Beaucoup se sont rapidement trouvés pris au dépourvu devant l’ampleur de la catastrophe et l’absence d’accompagnement des autorités. Pour autant, d’après les participants, c’est après le choc des premiers jours, qu’une organisation locale est parfois née des décombres et des sinistrés eux-mêmes, à l’échelle des moyens et des possibilités de chacun, que ce soit au niveau familial ou associatif. Malheureusement, tous s’accordent à dire que cette solidarité locale était largement insuffisante et l’absence d’intervention des autorités a été durement vécue.
L’atelier a permis de constater que les catastrophes agissent donc comme un révélateur de nos vulnérabilités. Mais aussi de nos ressources. Si la catastrophe du 12 janvier 2010 reste une expérience tragique et traumatisante pour une majorité d’haïtiens, elle est également riche d’enseignements.
Il est important pour une société que ces enseignements et cette expérience soient capitalisés et demeurent dans la mémoire collective. Cela comprend ce qui a manqué et n’a pas marché. Mais cela comprend également ce qui a fonctionné ou a spontanément émergé. Cette expérience commune et ces ressources collectives peuvent ainsi constituer une base essentielle sur laquelle s’appuyer pour reconstruire et créer une véritable « culture du risque » afin d’empêcher du mieux possible qu’une telle catastrophe se reproduise.
Perspectives
En effet, « là où la terre a tremblé, elle tremblera de nouveau » explique Mireille Nicolas, géologue et enseignante d’origine haïtienne. « Cette loi naturelle permet une première étape vers la prévention. La prévention commence par la conscience du risque. Et c’est par l’éducation et l’information que l’individu peut intérioriser cette conscience et devenir responsable. » Mais l’individu ne peut pas seul faire face à tous les risques. On voit bien que ceux-ci demandent des réflexions et une compréhension approfondies, transversales et partagées par tous les acteurs d’un territoire. Peut-être que ce type d’atelier, grâce à la collaboration et l’expérience des Espaces de Paroles, peut constituer un premier pas vers cette mutualisation.
Les éléments apportés par les participants serviront justement à alimenter ces réflexions dans le cadre de l’élaboration du schéma directeur de la Zone d’aménagement concerté (ZAC) de Martissant. A ce titre, l’ensemble des exercices visait également à montrer aux participants que la connaissance d’un quartier par ses habitants est aussi un type d’expertise. Pour les urbanistes, elle a souvent autant de valeur qu’une expertise scientifique ou technique de la ville dans la mesure où elle apporte un regard complémentaire, lié à la façon dont la ville est vécue et habitée par les personnes qui « l’utilisent » tous les jours. C’est ce qu’on a appelle l’expertise habitante.

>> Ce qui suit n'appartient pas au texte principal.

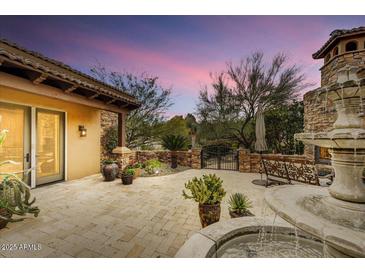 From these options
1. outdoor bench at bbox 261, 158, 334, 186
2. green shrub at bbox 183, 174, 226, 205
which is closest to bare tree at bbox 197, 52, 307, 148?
outdoor bench at bbox 261, 158, 334, 186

On peut difficilement prétendre penser la ville si on oublie pour qui elle est construite. Très tôt, Albert Mangonès avait compris cela, lui qui écrivait dès 1955 que « comme tout ce qui vit, une ville peut s’atrophier, se gangrener, dépérir, suffoquer, mourir. Elle peut aussi tuer. Mais elle peut aussi se penser, se développer, s’épanouir, devenir une œuvre délibérée de l’homme pour l’homme ».